Di dalam hadits yang lain disebutkan bahwasanya Rasulullah bersabda, “Akan diampuni semua dosa orang yang mati syahid, kecuali hutangnya (yang belum dibayar). (HR. Muslim)

Mungkin diantara kita ada yang bertanya-tanya, bagaimana perihal seseorang yang wafat, yang masih mempunyai tanggungan hutang yang belum dilunasi, namun ia tidak meninggalkan harta warisan yang cukup untuk menutup hutangnya tersebut? Maka jika terjadi kondisi seperti ini, yaitu jumlah hutangnya tersebut lebih besar dari harta warisan yang ada, maka ahli warisnya harus berusaha melunasinya dari harta warisan yang ada ditambah dengan harta mereka sendiri sebagai bentuk tanggung jawab ahli waris terhadap kerabatnya yang telah wafat tersebut. Jika memang hartanya masih belum mencukupi, maka bisa meminta bantuan kepada kerabatnya yang lain. Jika memang masih belum mencukupi juga, maka bisa meminta bantuan kepada kaum muslimin lainnya, atau bahkan meminta bantuan kepada pemerintah atau negara dari harta baitulmal (kas negara).

Di dalam suatu hadits disebutkan, “Seorang hamba muslim yang membayar hutang saudaranya, maka Allah akan melepaskan ikatan penggadaiannya pada hari kiamat.” (HR. Mashabih Assunnah)

Di dalam hadits lainnya disebutkan, “Berlakulah lunak dan saling mengasihi (dalam hal menagih hutang). Hendaklah kamu saling mengalah terhadap yang lain. Apabila orang yang punya hak (yang menghutangkan) mengetahui kebaikan yang akan diperolehnya disebabkan menunda tuntutannya atas haknya (terhadap orang yang berhutang), pasti orang yang punya tuntutan atas haknya (yang menghutangkan) akan lari menjauhi orang yang dituntutnya (orang yang berhutang).” (HR. Bukhari)

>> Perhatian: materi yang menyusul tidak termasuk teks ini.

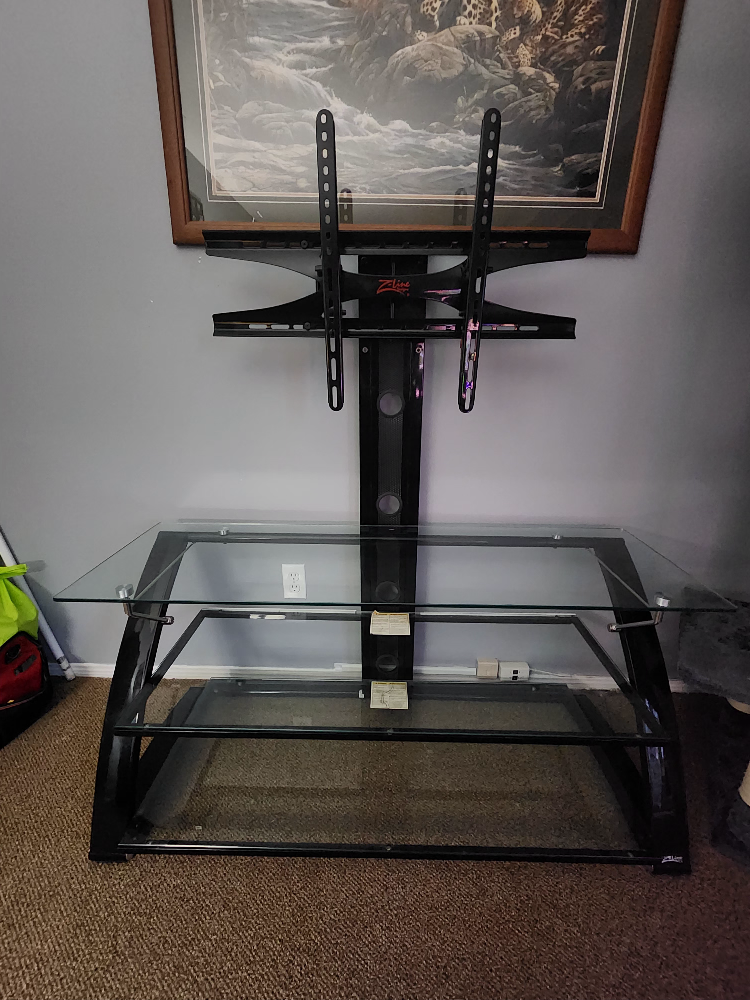 TV stand with TV mount 🥕
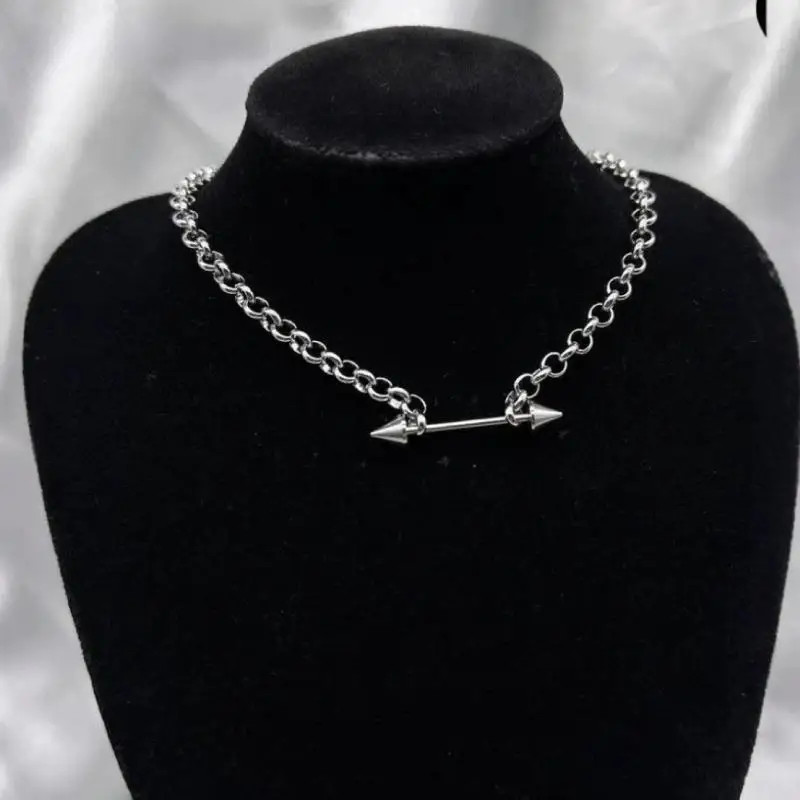 Retro Hip-hop Style Titanium Steel Necklace Party Punk Rivet Pendant Unise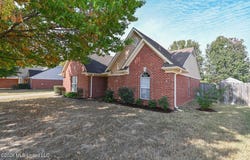 945 Lakemont Cove, Southaven, MS 38672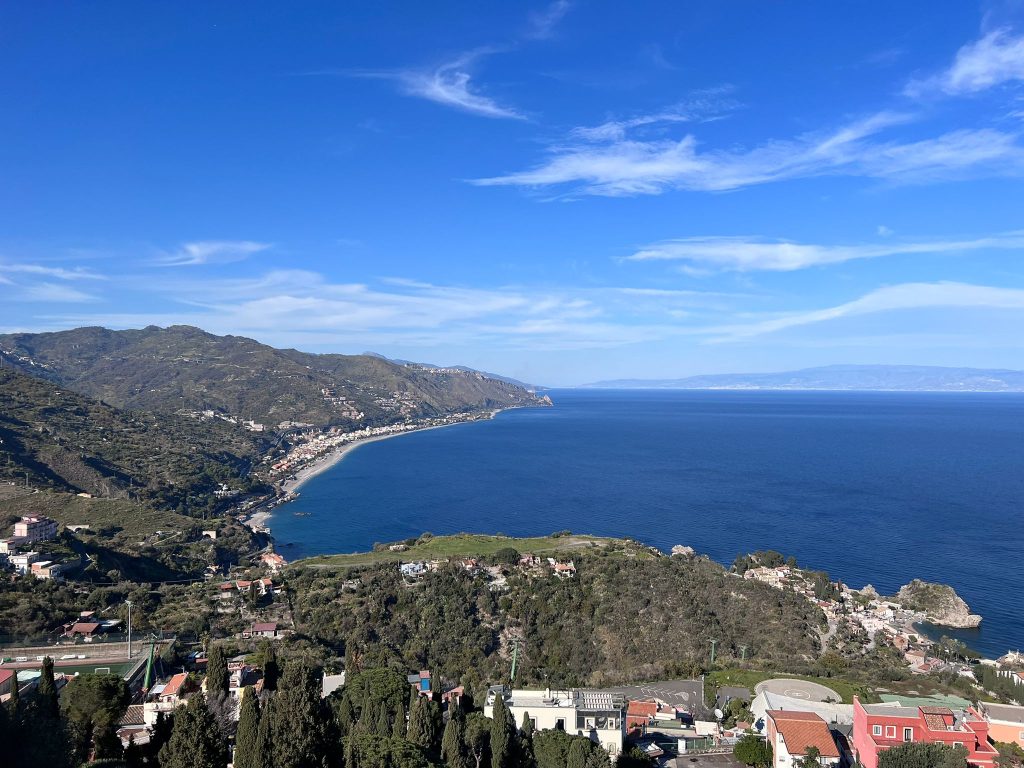 panorama taormina sicilia messina calabria stretto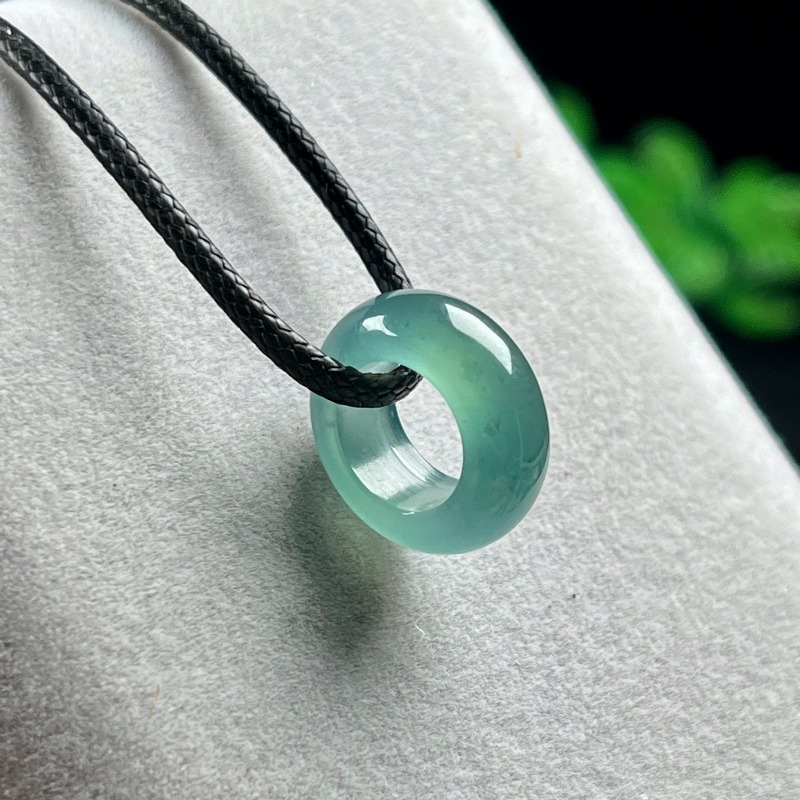 แหวนจี้หยกธรรมชาติสีฟ้าน้ำทะเล - The Jewelry & Watches บทวิจารณ์และราคา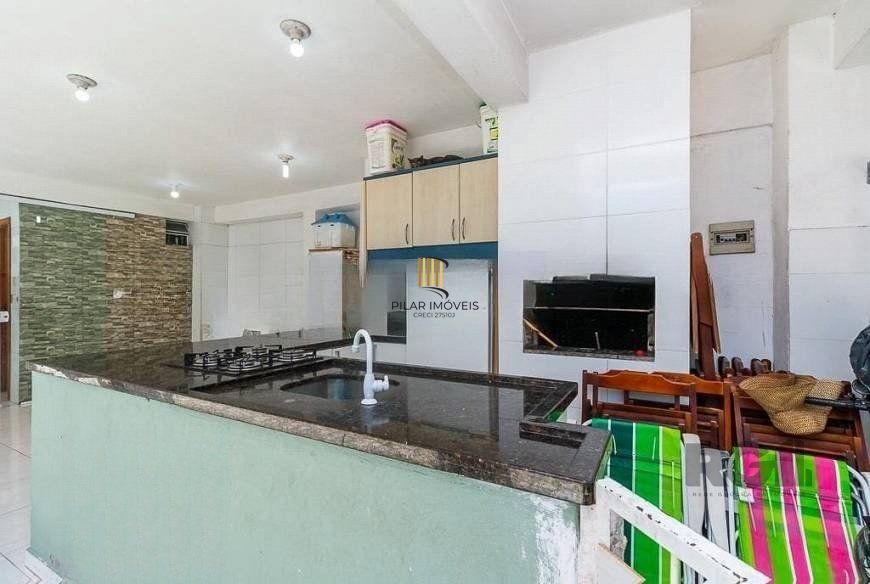 Casa 3 dormitórios no bairro Azenha
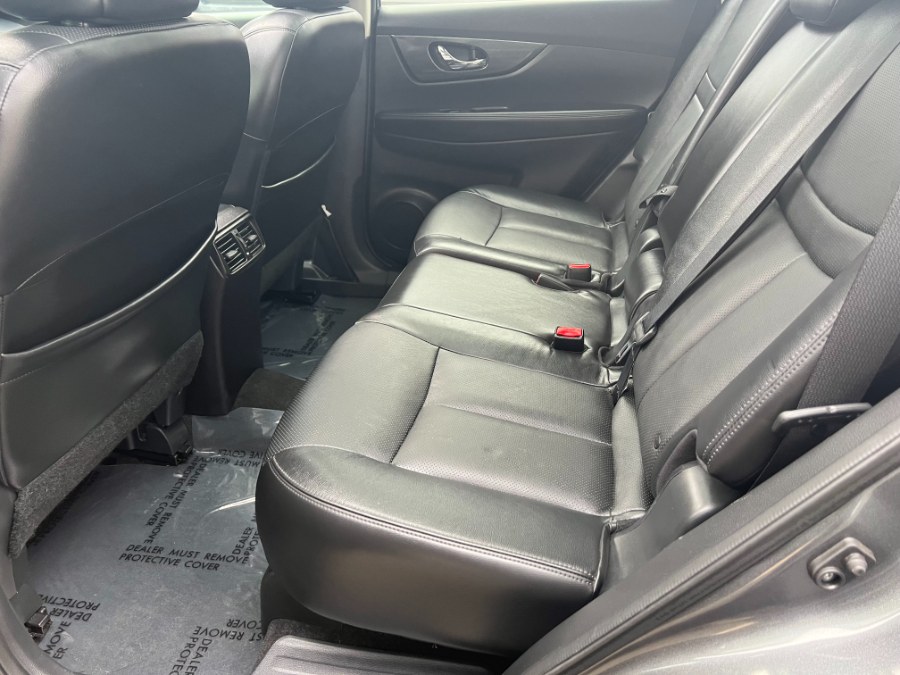 2015 Nissan Rogue AWD 4dr SL, available for sale in Bristol, Connecticut | Bristol Auto Center LLC. Bristol, Connecticut 2015 Nissan Rogue AWD 4dr SL, available for sale in Bristol, Connecticut | Bristol Auto Center LLC. Bristol, Connecticut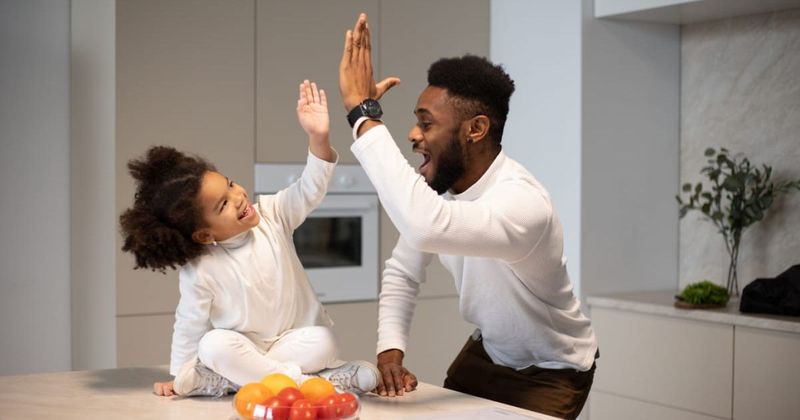 New study reveals that strong bonds with daughters increases lifespan of fathers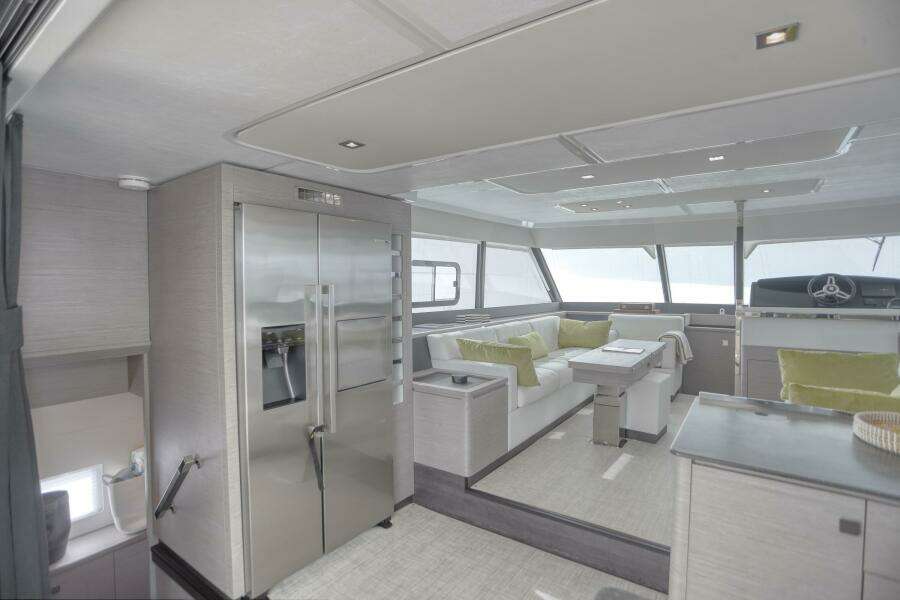 2022 Fountaine Pajot MY6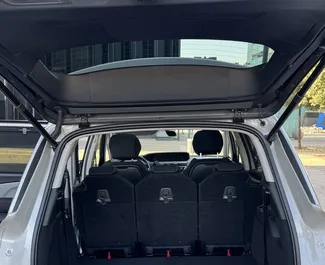 Innenraum von Citroen C4 Grand Picasso zur Miete in Spanien. Ein großartiges 7-Sitzer Fahrzeug mit Automatisch Getriebe.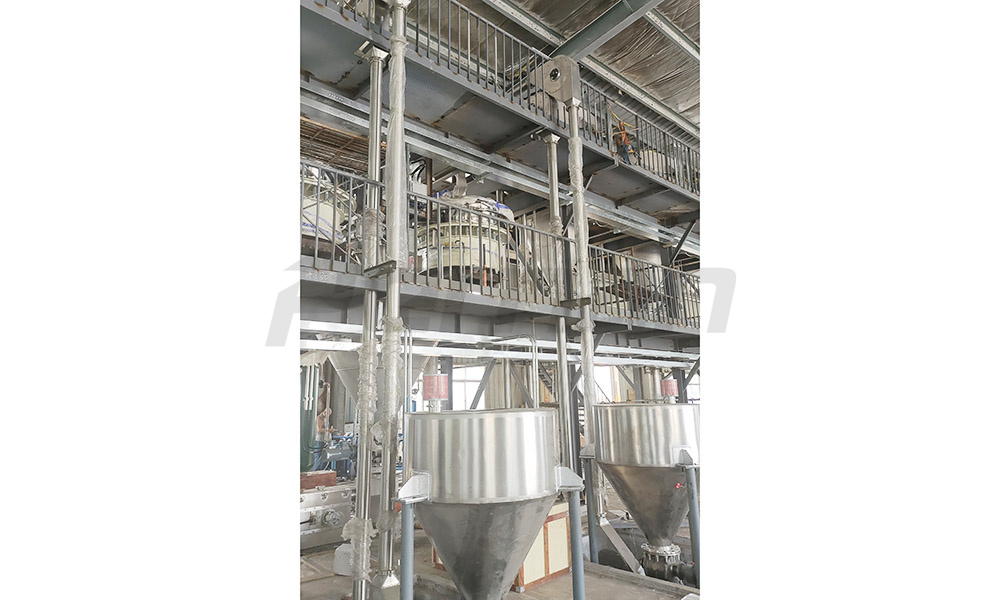 某公司管鏈機(jī)項(xiàng)目現(xiàn)場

Harap diperhatikan, bahwa hutang yang patut dibantu adalah hutang seseorang yang digunakan untuk amal kebaikan, seperti untuk memberi makan anak istrinya, membeli pakaian untuk menutup auratnya, dan lain sebagainya, karena memang dia berada dalam kondisi yang kekurangan. Adapun hutang seseorang yang digunakan untuk perbuatan dosa, seperti seseorang yang berhutang untuk berjudi, membeli minuman keras dan perbuatan dosa lainnya, maka tidak perlu dibantu, dan bahkan tidak boleh meminjamkan harta untuk perbuatan dosa dalam bentuk dan kondisi apapun. Wallahu’alam.

Menunaikan Wasiat Pewaris

Wasiat adalah permintaan pewaris terhadap ahli warisnya sebelum wafatnya. Wasiat ini sebenarnya tidak hanya berupa pesan yang sifatnya untuk membagikan sejumlah tertentu dari hartanya, namun ia bisa juga berbentuk pesan-pesan kebaikan yang diinginkan pewaris untuk ditunaikan oleh ahli warisnya.

Seorang muslim yang telah mengetahui ilmu faraid tentunya menginginkan ketika ia telah wafat, harta peninggalannya tersebut dapat dibagikan kepada ahli warisnya dengan benar sesuai dengan syariat (ketentuan) yang Allah turunkan. Juga terkadang mereka mempunyai keinginan tertentu sebelum wafatnya, diantaranya ia ingin seperbagian hartanya tersebut disedekahkan kepada fakir miskin, diinfakan di jalan Allah, disumbangkan untuk pembangunan masjid setempat, dibagikan kepada seseorang yang ia anggap telah berjasa kepadanya, dan lain sebagainya. Maka seluruh keinginannya tersebut dapat dituliskan di dalam suatu surat wasiat.

Penunaian wasiat pewaris dilakukan setelah pewaris wafat. Jika ia mewasiatkan harta, maka yang paling didahulukan untuk diselesaikan adalah biaya keperluan pemakamannya, kemudian pembayaran hutangnya. Di dalam hadits yang diriwayatkan oleh al-Hakim, disebutkan bahwa sesungguhnya Rasulullah saw memutuskan untuk mendahulukan penyelesaian hutang sebelum melaksanakan wasiat.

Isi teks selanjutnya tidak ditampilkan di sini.